Bürgschaft und Schadensersatz

Die Bürgschaft Dritter können Sie für alle Forderungen aus dem Mietverhältnis unabhängig von Insolvenzeröffnung und Kündigungszeitpunkt in Anspruch nehmen.

 

Keine Sicherheiten - Miete wird einfache Insolvenzforderung

Erfolgte die Kündigung des Mietverhältnisses zu einem Zeitpunkt vor Verfahrenseröffnung und ist keine Kaution vorhanden, mit der Sie aufrechnen können, so bleibt Ihnen für die rückständigen Mieten nur die Anmeldung zur Insolvenztabelle.

 

Schadensersatzansprüche wegen Zerstörung oder Beschädigung der Mietsache

Trat der Schaden vor Insolvenzeröffnung ein, so ist der Anspruch eine anzumeldende Insolvenzforderung.
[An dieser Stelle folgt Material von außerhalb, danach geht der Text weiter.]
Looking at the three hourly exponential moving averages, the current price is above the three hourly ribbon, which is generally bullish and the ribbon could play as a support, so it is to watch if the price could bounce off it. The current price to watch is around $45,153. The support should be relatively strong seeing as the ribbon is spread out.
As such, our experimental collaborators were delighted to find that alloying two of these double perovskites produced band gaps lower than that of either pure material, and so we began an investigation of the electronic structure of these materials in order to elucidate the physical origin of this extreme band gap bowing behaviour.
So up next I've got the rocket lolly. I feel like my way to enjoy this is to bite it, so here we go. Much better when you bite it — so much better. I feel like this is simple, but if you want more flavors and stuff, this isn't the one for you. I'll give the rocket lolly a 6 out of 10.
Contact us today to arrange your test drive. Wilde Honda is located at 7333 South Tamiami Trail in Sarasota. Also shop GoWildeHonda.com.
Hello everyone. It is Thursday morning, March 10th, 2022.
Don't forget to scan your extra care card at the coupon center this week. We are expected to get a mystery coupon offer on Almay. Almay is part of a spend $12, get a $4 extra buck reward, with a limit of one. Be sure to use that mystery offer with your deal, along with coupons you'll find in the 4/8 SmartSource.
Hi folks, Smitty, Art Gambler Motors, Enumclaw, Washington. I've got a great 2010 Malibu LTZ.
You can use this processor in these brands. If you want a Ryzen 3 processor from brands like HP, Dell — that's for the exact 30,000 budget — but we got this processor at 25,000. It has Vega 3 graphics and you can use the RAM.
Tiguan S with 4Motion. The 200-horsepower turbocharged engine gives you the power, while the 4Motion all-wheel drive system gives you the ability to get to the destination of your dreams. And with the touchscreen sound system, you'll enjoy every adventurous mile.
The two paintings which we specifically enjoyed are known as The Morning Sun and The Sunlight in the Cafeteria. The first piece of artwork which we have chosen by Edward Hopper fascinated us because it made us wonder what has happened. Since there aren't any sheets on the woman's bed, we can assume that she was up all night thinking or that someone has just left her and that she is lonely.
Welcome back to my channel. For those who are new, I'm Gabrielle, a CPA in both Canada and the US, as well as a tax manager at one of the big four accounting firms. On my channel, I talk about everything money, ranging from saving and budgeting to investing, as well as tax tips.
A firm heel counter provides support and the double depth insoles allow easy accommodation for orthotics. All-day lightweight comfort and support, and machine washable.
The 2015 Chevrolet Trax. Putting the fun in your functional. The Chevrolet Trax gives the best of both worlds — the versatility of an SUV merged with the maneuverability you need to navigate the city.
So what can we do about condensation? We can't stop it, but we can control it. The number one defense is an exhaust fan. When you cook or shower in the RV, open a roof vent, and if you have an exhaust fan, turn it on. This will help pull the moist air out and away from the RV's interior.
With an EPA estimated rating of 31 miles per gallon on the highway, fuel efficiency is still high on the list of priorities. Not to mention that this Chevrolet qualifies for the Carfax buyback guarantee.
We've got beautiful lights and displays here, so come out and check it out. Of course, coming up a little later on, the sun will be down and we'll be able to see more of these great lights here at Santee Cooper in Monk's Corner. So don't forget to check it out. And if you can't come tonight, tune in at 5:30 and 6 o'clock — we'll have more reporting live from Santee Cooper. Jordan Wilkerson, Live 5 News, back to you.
In der Zeit zwischen Insolvenzeröffnung und Vertragsende wird die Forderung zur Masseverbindlichkeit. Die Obhutspflicht geht mit Verfahrenseröffnung auf den Insolvenzverwalter über. Der Schaden beruht auf der Verletzung der Obhutspflicht vgl. § 55 Absatz 1 Nr. 2 InsO.

 

Schadensersatz für außerordentliche Kündigung

Soweit der Gewerbemietvertrag für den Fall der außerordentlichen Kündigung eine Vertragsstrafe vorsieht, ist diese im Insolvenzfalle nicht wirksam.

 

 

Altlastenbeseitigung

Die durch Altlastenbeseitigung entstehenden Kosten stellen eine Insolvenzforderung dar. Die Insolvenzmasse haftet nur, wenn der Verwalter den Zustand durch ihm zuzurechnende Handlungen verursacht hat (BGH ZIP 2001, 1469).

 

Dokumentieren Sie bei Bekanntwerden des Insolvenzantrags und bei Verfahrenseröffnung den Zustand des Mietobjekts.

Sollten Kontaminationen erst nach Verfahrenseröffnung entstehen, können Sie  so beweisen, dass die Kosten der Beseitigung der Kontaminationen Masseverbindlichkeiten sind. Diese sind gegenüber dem Insolvenzverwalter geltend zu machen.